Section 7 of the Clayton Act prohibits mergers and acquisitions where “the effect of such
acquisition may be substantially to lessen competition, or to tend to create a monopoly.”36 As
such, and given the apparent presumption that this transaction would substantially lessen
competition or tend to create a monopoly, FTC should carefully examine Choice’s proposed
takeover and block it if it violates antitrust law.

Reduced Competition in the Hotel Industry Would Increase Costs for Franchisees and
Customers
Nearly 100% of Choice and Wyndham hotels operate as franchises, owned and run by
entrepreneur franchisees who usually own just a few hotels. Hotel franchisees receive benefits
from the brands’ recognized name, business plan, and “collective purchasing that is supposed to
give small businesses the benefits of scale.” In exchange, hotel franchisees pay a fee to join, as
well as ongoing royalties and marketing, technology, and consulting costs.

Robust competition in the hotel market means brands must compete against each other for the
consideration of franchisees, who may make their decision based on the fees and other costs that
the brands charge. Reduced competition from mergers would mean “fewer options and, thus, less
leverage to demand better services for a lower cost.” With profit margins becoming “thinner and
thinner,” it is highly likely that customers will end up bearing the brunt of reduced competition.
If the takeover of Wyndham is successful, Choice could use the reduced competition to raise
prices and increase their profits, all while using dozens of brands to hide the fact that customers
have fewer travel options. Choice could disguise their concentration of power behind their new
46-brand portfolio, giving customers the illusion of choice. Customers may assume that each of
these brands is competing for their hard-earned dollars by price and quality, when, in reality, they
are all owned by the same company. A rate increase within the midscale and economy markets
would necessarily lead to disproportionate harm to lower-income and younger customers, many of
whom already have limited choices for hotel and travel options that fit their budget.

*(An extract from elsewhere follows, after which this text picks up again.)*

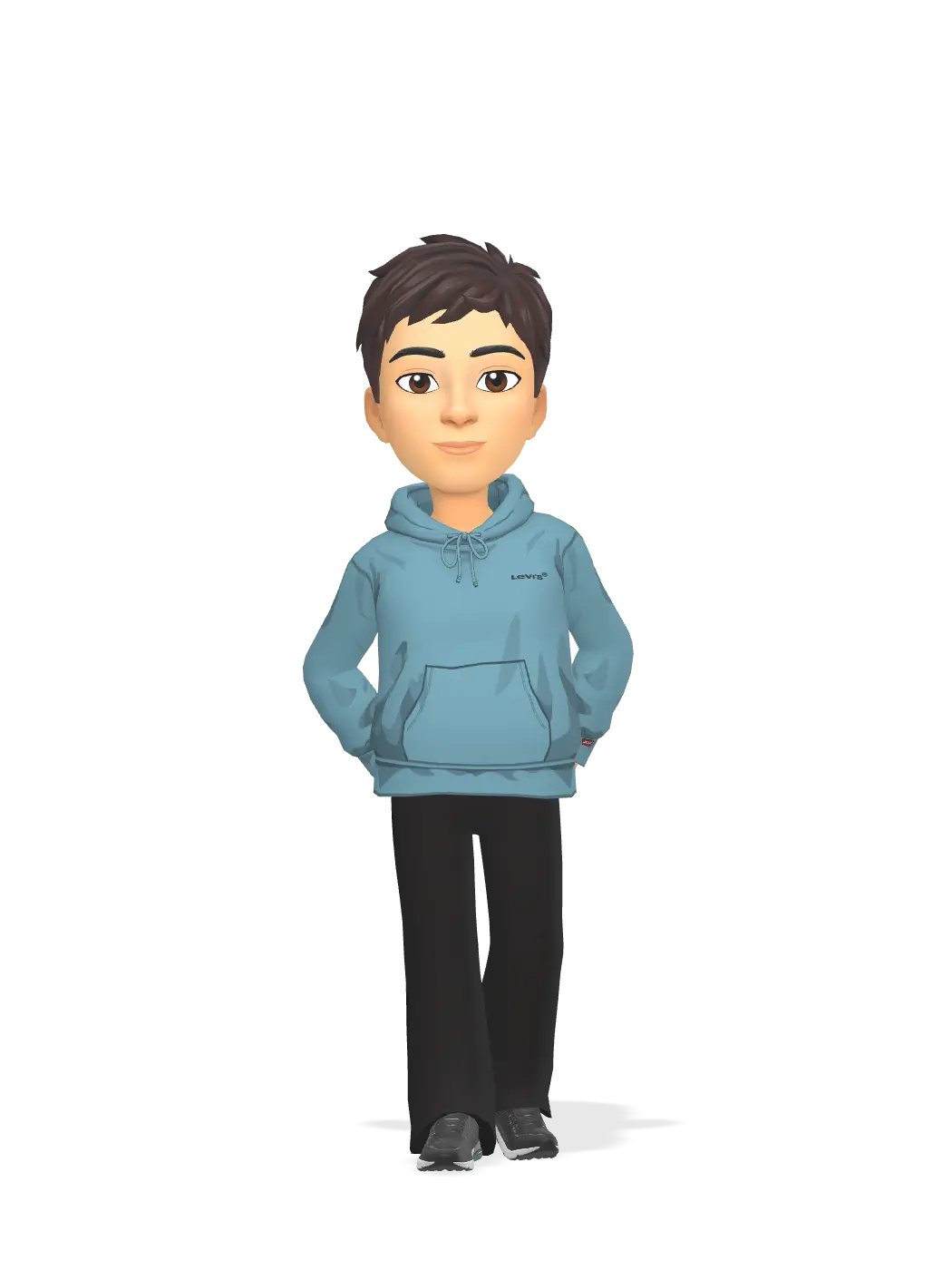 Snapchat profile picture for @cheeseburger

I welcome FTC’s increased attention towards the franchise business model across industries,
including the Commission’s request for public comment on “how franchisors may exert control
over franchisees and their workers.” FTC is also developing a rule to ban employers from
imposing noncompete provisions on their workers which would potentially ban franchisors from
doing the same to their franchisees. This work is critical and will help protect workers and franchisees from being taken advantage of by large corporations. In addition, the Biden
administration has launched a whole-of-government effort to fight junk fees, in which FTC has
been an active participant. FTC’s proposed rule to ban junk fees stands to significantly benefit
hospitality industry customers, who currently may end up spending hundreds of extra dollars per
stay on resort fees. Consistent with FTC’s focus on protecting consumers, workers, and
franchisees, FTC should carefully consider the potential effect of Choice’s attempted takeover of
Wyndham on hotel costs and fees.

Conclusion
If Wyndham is acquired by Choice, it will significantly increase concentration in a market that is
already highly concentrated. The takeover has the potential to further entrench the largest
companies’ dominant positions in the hotel market. I am encouraged by FTC’s examination of the
transaction thus far and the Commission’s broader efforts to fight consolidation and protect
customers, workers, and franchisees. In line with these efforts, FTC should carefully scrutinize
Choice’s attempted takeover of Wyndham and block the takeover if it violates antitrust laws.